[c-nsp] 2 locations, 2 ISPs, 2 ASAs, configuration confusion

Peter Walker peter at grole.org
Mon Jan 22 19:28:06 EST 2007



--On 22 January 2007 15:58 -0600 "Winders, Timothy A" 
<twinders at southplainscollege.edu> wrote:

> I met with my Cisco SE today.  This is the logical configuration we
> have come up with.  I'm waiting on one more hardware piece before I
> can test it out.  Anyone have any feedback here.  From below, here
> is the summary of goals:
>
> * 2 entry and exit points to the network
> * Full firewall at both entry points to the network
> * dynamic routing internal
> * bgp to ISPs
> * if the connection between CORE1 and CORE2 goes down, each site
> maintains internet connectivity independantly and announces routes
> to it's bgp peer for only the networks which remain local to it. *
> optionally, if CORE1 and CORE2 lose their connection, a secure
> tunnel connection will be established over the internet to connect
> the sites again, transparent to users.
> * All routers (edge and core) are SUP720 based.
> * Firewalls are ASA5520s with ASA-SSM-20 IPS module
> * asymetric routing must be taken into consideration
>
>
>           Internet
>            /    \
>         ISP1    ISP2
>          |       |
>         ER1 --- ER2
>          |       |
>         ASA1    ASA2
>          |       |
>        CORE1 --- CORE2
>
> 1 and 2 are two different sites with a GigE connection between them.
> The connections between CORE1/CORE2 and ER1/ER2 are across the same
> physical link, but are on different VLANs.  We have full dot1Q
> trunking between sites.
>
> ER1 runs eBGP to ISP1
> ER2 runs eBGP to ISP2
> ER1 and ER2 run iBGP
> ER1 runs iBGP with CORE1
> ER2 runs iBGP with CORE2
> CORE1 and CORE2 run OSPF
>
> The two ASA run independently in routed firewall mode.  We take full
> routes plus default from each ISP1 and ISP2.  We inject OSPF into
> iBGP. We create a high admin distance between CORE1 and CORE2.
>
> With this configuration, the default route for each COREx router
> will be it's local edge router.  The Edge routers will decide
> which ISP to send the traffic OUT.  Incoming traffic can be
> asymetric from the ISPs, that is traffic going OUT ER1 can come
> back in ER2.  However, through iBGP routing, the inflow of traffic
> should always come back in through the correct ASA and we shouldn't
> have to worry about stateful inspection dropped packets.
>
> After this is working, I'll build a tunnel between CORE1 and CORE2
> across the internet, so if the link between COREs goes down, the two
> sites will have connectivity over the Internet.
>
> I think this will all work.  Comments?
>
> Tim Winders | Associate Dean of Information Technology | South
> Plains College
>
>
>

It's late at night here, and I may be wrong but ...

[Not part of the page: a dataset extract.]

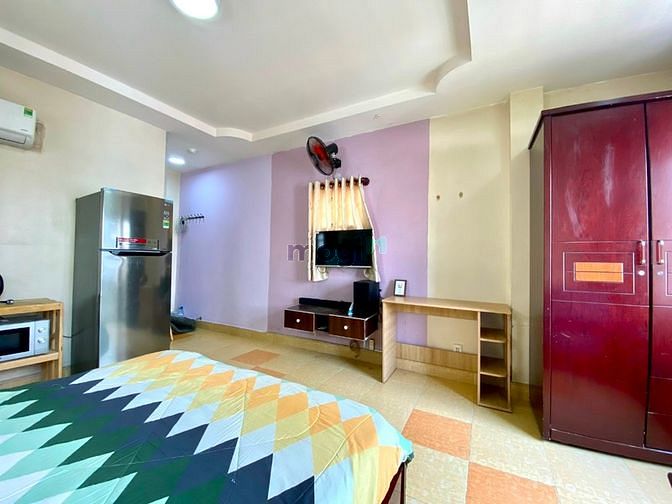 Hình ảnh Phong ban công full nội thất giá HSSV _ Đh Luật _ Bến Vân Đồn _ Quận 4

If you are running iBGP all the way to CORE1 & CORE2 then you will 
need a full mesh.  So you are missing iBGp from ER1 to CORE2, ER2 to 
CORE1, and CORE1 to CORE2.

Alternatively if you use ER1/ER2 as your BGP edge then you could run 
OSPF Between the edge routers, and from the edge routers to the ASAs 
and inside the ASAs also. If ER1 / ER2 are injecting default routers 
into OSPF then I think that would do the trick.